The judge’s gaze did not waver. He kept those cold gray eyes on the jury, but no malignance appeared in them. They were as expressionless as the blank eyes of a statue.

“. . . You may consider a hand mirror a deadly weapon, and if you do (using the same careful judgment as you use in your daily affairs) you may decide . . .”

Randall realized that the judge was choosing his words with the greatest possible care, and it dawned upon him that this was not merely because of their possible effect on the jury, but so that they could be read by other people without conveying an impression of bias. The significant pause, the slight wave of the hand, would never appear in print.

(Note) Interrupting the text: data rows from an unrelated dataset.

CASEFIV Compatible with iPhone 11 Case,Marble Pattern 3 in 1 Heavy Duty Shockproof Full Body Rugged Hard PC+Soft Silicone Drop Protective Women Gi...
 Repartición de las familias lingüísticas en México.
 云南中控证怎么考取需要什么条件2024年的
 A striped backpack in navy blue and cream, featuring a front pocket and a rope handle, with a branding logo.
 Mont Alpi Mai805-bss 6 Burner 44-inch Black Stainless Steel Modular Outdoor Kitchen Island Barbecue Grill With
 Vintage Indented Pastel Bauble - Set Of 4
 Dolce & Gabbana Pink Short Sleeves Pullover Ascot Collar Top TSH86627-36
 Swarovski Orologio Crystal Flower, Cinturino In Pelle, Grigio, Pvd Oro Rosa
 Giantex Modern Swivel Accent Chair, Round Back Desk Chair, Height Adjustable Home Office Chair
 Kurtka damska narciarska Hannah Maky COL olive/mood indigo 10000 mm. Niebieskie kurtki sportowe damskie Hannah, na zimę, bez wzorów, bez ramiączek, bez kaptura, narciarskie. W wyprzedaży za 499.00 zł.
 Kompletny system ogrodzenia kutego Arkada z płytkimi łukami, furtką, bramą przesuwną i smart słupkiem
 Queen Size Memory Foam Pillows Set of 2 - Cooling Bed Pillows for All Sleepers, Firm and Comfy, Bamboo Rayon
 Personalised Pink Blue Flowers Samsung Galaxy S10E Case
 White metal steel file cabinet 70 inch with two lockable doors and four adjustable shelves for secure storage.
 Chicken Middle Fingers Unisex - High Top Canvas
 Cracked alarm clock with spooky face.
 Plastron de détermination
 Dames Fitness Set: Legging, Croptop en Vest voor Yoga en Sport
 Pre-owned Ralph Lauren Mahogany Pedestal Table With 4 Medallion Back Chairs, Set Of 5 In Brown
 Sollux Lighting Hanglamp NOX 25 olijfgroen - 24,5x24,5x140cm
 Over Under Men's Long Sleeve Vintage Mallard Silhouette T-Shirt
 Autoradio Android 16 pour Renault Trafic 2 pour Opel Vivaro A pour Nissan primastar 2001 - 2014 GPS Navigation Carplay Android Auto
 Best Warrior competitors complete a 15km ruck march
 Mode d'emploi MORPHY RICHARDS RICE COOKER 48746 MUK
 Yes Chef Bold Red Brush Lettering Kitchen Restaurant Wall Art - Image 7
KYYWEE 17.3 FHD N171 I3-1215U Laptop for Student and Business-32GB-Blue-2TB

“. . . Eleven and a half feet. You must judge for yourselves whether . . .”

Could he stand up and shout a protest against being subjected to this treatment? No. He must sit still and make no sign at all; sit still and let no one guess at the cold fear mounting inside him.

“The repulsive features of this case . . .”

Coates was sitting there, his eyes fixed on the judge. Perhaps he was learning as well as listening. Hatred for the careless implacable world rose in Randall’s breast along with fear. Could he bear this?

“. . . Please consider your verdict.”

Dead stillness for a moment. The judge rising, the people standing, a wild buzz round the court. . . .

“Come this way.”

It had not been easy to rise, it was not easy to walk. The constable put out a hand to his elbow, but Randall shook it off as soon as he realized he was giving an impression of weakness. He had to step slowly, he had to think what he was doing, but he could walk down those steps unassisted. The interchange of glances between the warders down there; a pause for a space while it was decided into which cell he should be put. And hardly had the lock clicked behind him than he heard it reopen, and the same repeated order.

“Come this way.”

More significant glances between the warders. If the jury had reached a verdict so quickly, immediately after hearing that summing up, and following upon that speech for the prosecution, it could only be a verdict of guilty. Randall stood at the cell door. It was not easy. Those rats that the men in the trenches caught upon blankets spread with glue; they had screamed and struggled as the men approached to club them to death with entrenching-tool handles. He would not scream or struggle. He tried to keep the fear out of his eyes as he met the warder’s glance. Slowly round the corner. Slowly up the stairs. He braced himself to enter the body of the court. Stand for the judge, who sat down at his bench, his white hand tapping almost restlessly on the desk before him. Another glance from those cold eyes. The jury was already coming in.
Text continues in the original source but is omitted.